Tardé minutos, quizás segundos, en recobrar una respiración constante. Había corrido tres manzanas. Una gran vía se cruzaba delante de mis ojos, con sus paseos, sus bancos. En uno de esos bancos me encontré sentada. Rendida y dolorida como si hubiera echo un gran esfuerzo.
El apetito, como si hubiera estado aguardando, me agitó y con la mirada empezé a observar a todos aquellos estudiantes con actitudes estúpidas. No tardé en encontrar a una joven que paseaba sola. Sonreía, como si estuviera recordando algo, como si al pensarlo sucederia, no miraba por donde caminaba y empezé a seguirla con paso ligero.
Llegamos a una callejuela oscura, una en la que los dos farolillos que la alumbraban se habían fundido. Lejos escuché de personas alejarse. Y por fin estuvimos solas, dejé que su paso acelerara un poco y se adentrara un poco más.
-Buenas noches - dije captando su atención. Se giró completamente, a pesar de la oscuridad que nos envolvía, gran parte de su rostro era iluminado por la luz de la luna. No contestó. -Soy nueva en la ciudad, hace a penas tres días que he llegado, vengo de Europa, ¿sabes?

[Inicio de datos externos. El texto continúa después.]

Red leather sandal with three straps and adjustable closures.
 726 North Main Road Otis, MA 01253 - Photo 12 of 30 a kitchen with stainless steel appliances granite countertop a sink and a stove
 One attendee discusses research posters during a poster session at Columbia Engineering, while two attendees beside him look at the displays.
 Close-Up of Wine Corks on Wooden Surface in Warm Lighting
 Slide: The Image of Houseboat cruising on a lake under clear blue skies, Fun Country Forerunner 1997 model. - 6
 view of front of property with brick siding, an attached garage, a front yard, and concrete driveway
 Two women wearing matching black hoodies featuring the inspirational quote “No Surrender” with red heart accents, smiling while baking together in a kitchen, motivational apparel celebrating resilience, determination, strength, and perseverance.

Aquello es precioso, esto es demasiado para mí, demasiado bullicio y demasiada gente... ¿Estudias? - asintió lentamente, confusa. - no tengas miedo, me apetece hablar un poco antes de proceder...
-No llevo dinero. - dijo,con voz temblorosa.
-¿Tengo cara de querer dinero? - ella movió la cabeza negativamente. - pues claro, en realidad deberias estar orgullosa por haber sido escogida ¿sabes? No todos tienen ese honor, vas a ser la primera en ésta ciudad. - aquello me pareció un juego, sonreía al pensar en lo que debía pasar en esos insantes por la cabeza de la joven. Quizás pensaba que yo era una drogadicta o que estaba loca, sí, sin duda era divertido.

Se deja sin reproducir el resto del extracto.